Data to process:
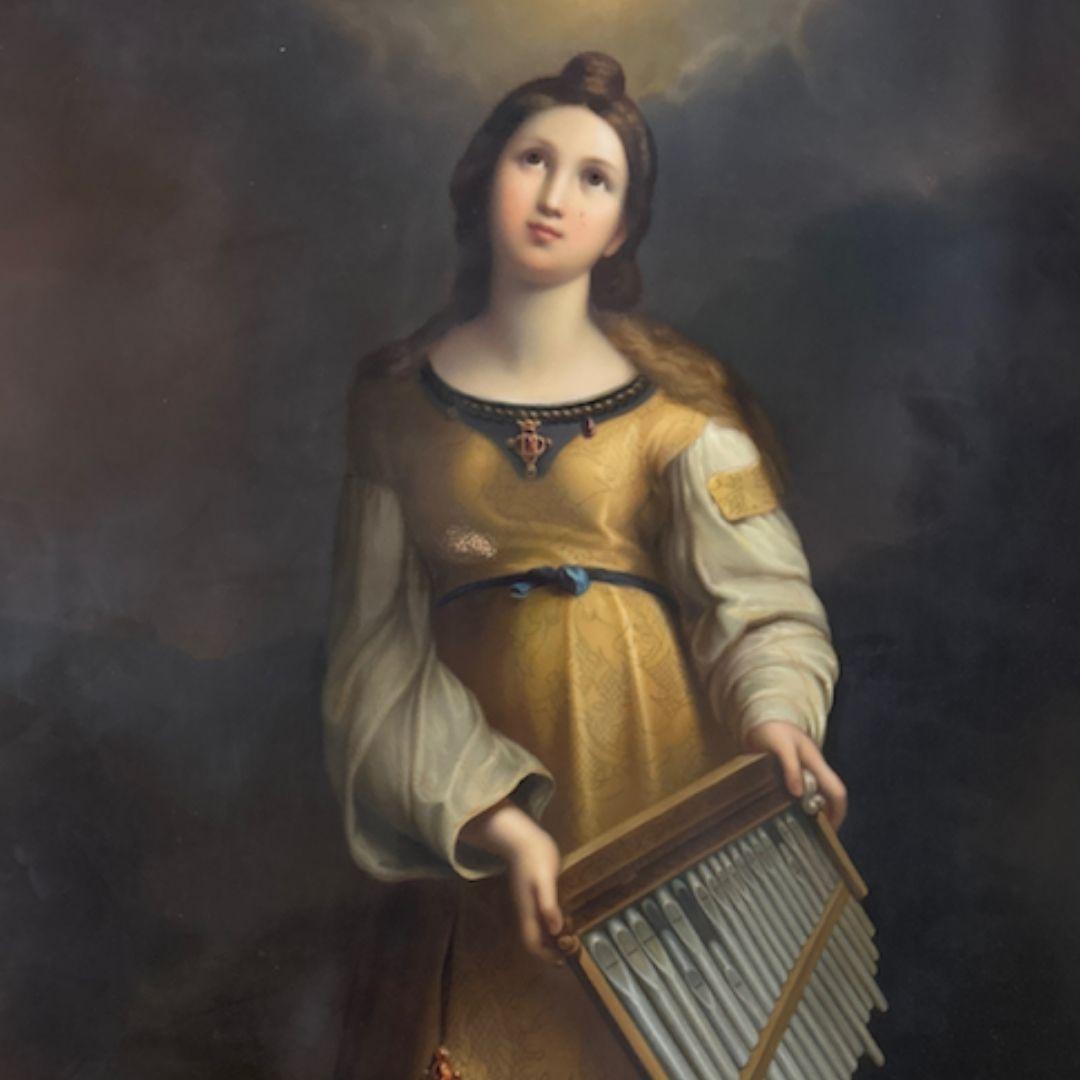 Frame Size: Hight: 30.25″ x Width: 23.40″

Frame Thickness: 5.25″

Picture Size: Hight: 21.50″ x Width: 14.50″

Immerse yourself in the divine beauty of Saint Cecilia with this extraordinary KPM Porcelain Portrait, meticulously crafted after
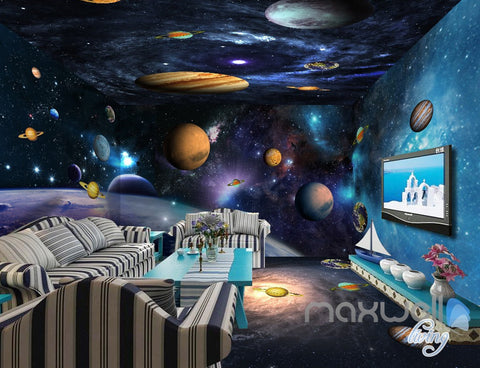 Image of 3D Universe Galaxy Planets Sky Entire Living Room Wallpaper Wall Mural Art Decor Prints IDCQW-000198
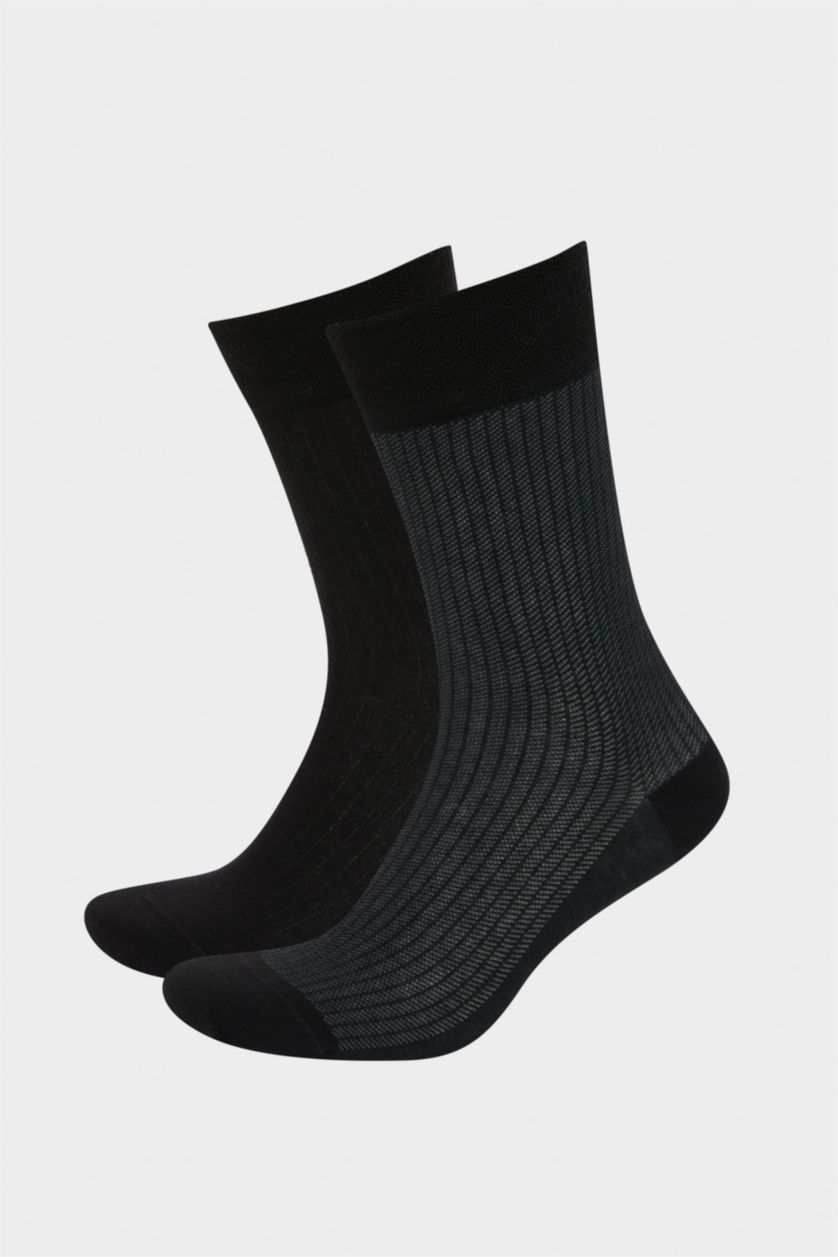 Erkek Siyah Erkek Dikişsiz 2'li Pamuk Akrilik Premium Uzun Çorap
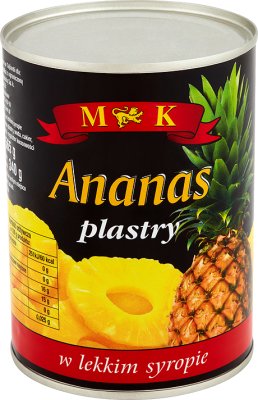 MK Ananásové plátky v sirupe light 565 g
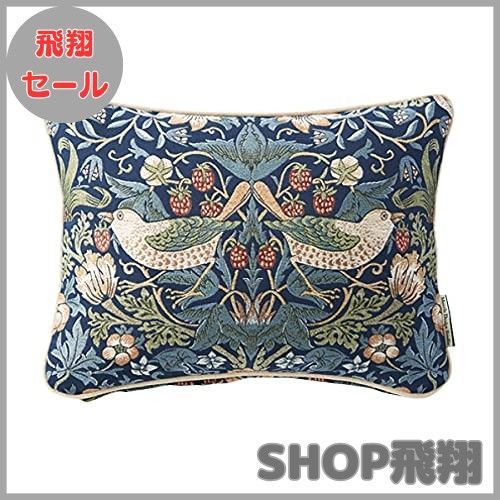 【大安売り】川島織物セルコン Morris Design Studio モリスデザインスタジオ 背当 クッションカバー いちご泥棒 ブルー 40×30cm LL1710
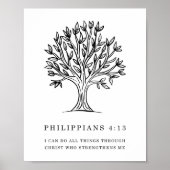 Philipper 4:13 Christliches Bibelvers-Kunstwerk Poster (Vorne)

* * *

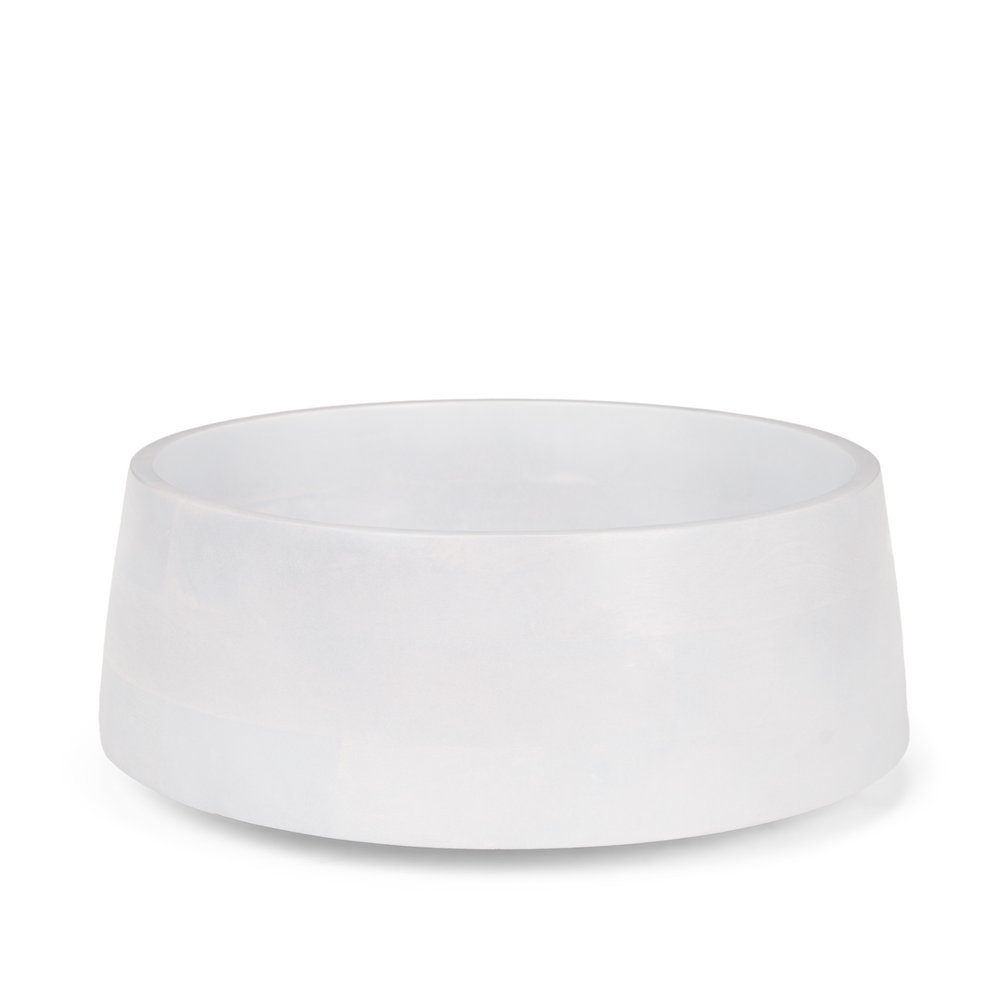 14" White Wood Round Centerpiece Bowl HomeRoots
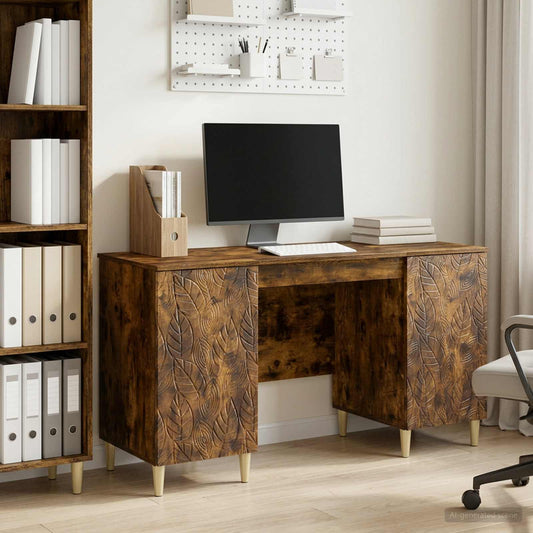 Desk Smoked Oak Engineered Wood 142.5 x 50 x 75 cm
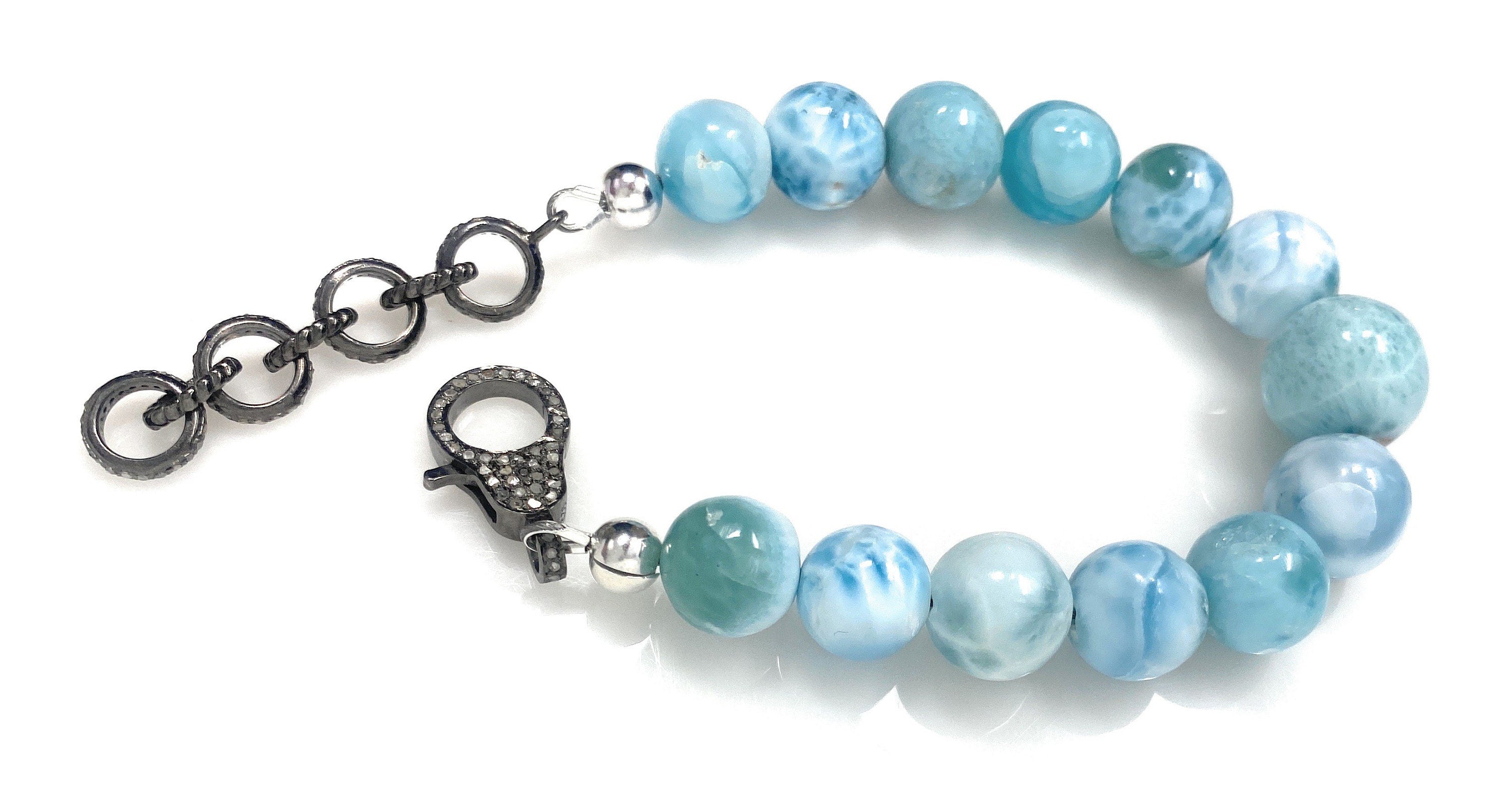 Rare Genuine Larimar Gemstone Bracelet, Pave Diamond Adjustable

Task goal: Starting with the line that has "ブルー 40×30cm LL1710" and ending with the line that has "Philipper 4:13 Christliches", repeat the lines above exactly, omitting every picture.

Response area:
 【大安売り】川島織物セルコン Morris Design Studio モリスデザインスタジオ 背当 クッションカバー いちご泥棒 ブルー 40×30cm LL1710
 Philipper 4:13 Christliches Bibelvers-Kunstwerk Poster (Vorne)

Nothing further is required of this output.